La juxtaposition de ces deux histoires, celle de l’explorateur qui parcourut le monde et celle du sage collectionneur de syrphes, amène le narrateur/auteur (Sjöberg est lui-même entomologiste) à quelques méditations sur ce qui pousse un homme à se lancer dans une collection, les limites qu’il s’impose ou celles qu’il décide de franchir. Ce que Strindberg appela avec condescendance, voire mépris, «archipel boutonologique», c’est justement l’avidité à collectionner n’importe quoi, des mouches ou des boutons, «des cancrelats sur des épingles de zinc». Le narrateur semble s’en détacher, ce qui explique pourquoi il s’est «cantonné» aux syrphes qui comptent plusieurs milliers de spécimen déjà découverts, qu’il guette dans un espace limité, son île. Mais très vite, il cherche à distinguer dans son comportement ce qu’il a découvert chez Malaise : est-ce la passion des syrphes qui pousse l’entomologiste à les traquer ou est-ce la passion de collectionner ? Et par conséquent, comme Malaise qui passa la fin de sa vie à chercher des toiles de maître égarées dans les bouleversements de la Seconde Guerre mondiale, le narrateur se sent glisser dans le piège à collectionner.

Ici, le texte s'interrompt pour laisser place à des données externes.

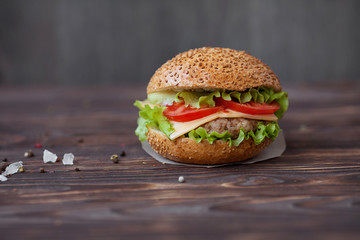 Closeup of home made beef burgers with lettuce and mayonnaise served on little wooden board. Dark background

A partir de cette réflexion sur le collectionneur et sa passion parfois dévorante, Sjöberg réussit un tour de force : celui de nous amener, avec beaucoup d’humour, à pénétrer dans la vie aux apparences tranquilles, du chasseur de mouche, un filet dans la main, arrêté sous le soleil des étés suédois, attendant sa minuscule proie qu’il compte traiter ensuite avec des délicatesses d’amoureux. Et la littérature apparaît ici comme une catharsis, l’ultime traitement que le malade en proie à la boutonologie tente de s’infliger, pour se guérir peut-être.